The sporting world has been focused on New York for several months now – and until recently, it was all bad. A series in the New York Times blasted horse racing using what some would call “selective inclusion” of injury data for its analysis. A harness racing trainer was suspended indefinitely for drugging horses in nearly 700 races over the past two years. The embattled New York Racing Association is now under the control of a board appointed by Gov. Andrew Cuomo after some rather serious missteps. And just recently, talks with Genting (operator of the Resorts World casino at Aqueduct) about a massive convention center at the track site fell through, and a labor union is threatening to call a strike at Belmont Park beginning Friday, putting New York's biggest racing weekend of the year in jeopardy.

All this means nothing to a chestnut horse named I’ll Have Another, who has done his best to provide shining relief in the face of all the bad news. He arrived in New York last month a potential hero – a horse that would try to win the Triple Crown, horse racing’s most elusive prize. I’ll Have Another won the Kentucky Derby with a strong stretch run, then used similar tactics to wear down the front-runner at the end of the Preakness Stakes.

He cares nothing that his California-based trainer has been controversial – enough perhaps that the New York Racing & Wagering Board (not NYRA, as many assumed) saw fit to isolate all Belmont Stakes horses in a special barn for three days prior to Saturday’s race. Would such measures have been taken if I’ll Have Another had been in someone else’s barn?

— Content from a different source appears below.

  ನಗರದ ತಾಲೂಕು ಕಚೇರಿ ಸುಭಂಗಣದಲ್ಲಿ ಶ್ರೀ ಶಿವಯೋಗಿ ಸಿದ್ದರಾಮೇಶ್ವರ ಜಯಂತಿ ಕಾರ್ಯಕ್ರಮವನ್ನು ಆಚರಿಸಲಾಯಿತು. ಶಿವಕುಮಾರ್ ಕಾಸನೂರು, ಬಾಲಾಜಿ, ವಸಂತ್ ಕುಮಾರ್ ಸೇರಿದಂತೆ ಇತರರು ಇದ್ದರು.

Some would say that the special treatment for this year’s Belmont runners is a good thing for the integrity of the sport, others would say it’s an unnecessary disruption for horses that thrive on routine and that other measures could have proven just as effective. Still others wonder why Belmont Stakes horses are the only ones subjected to such scrutiny – shouldn’t every single runner in every single race be treated in such a fashion to protect the betting public?

I will say one thing. Trainer Doug O’Neill has been most gracious while he has been under the New York microscope. He has not spoken publicly against the new security procedures and in fact welcomed the opportunity to prove that everyone is operating fairly and honestly. Like any trainer, he would rather have not altered his horse’s routine – after all, I’ll Have Another was sent to Belmont the day after the Preakness to get comfortable in his new surroundings long before the epic run toward history. But O’Neill understands the circumstances that have brought about the extraordinary measures, and like everyone else he will deal with them.

After watching I’ll Have Another train over the past ten days, I think he’s ready to make his run no matter what controversy swirls around him. And if he manages to succeed where many others have failed, he will wear the Triple Crown with honor.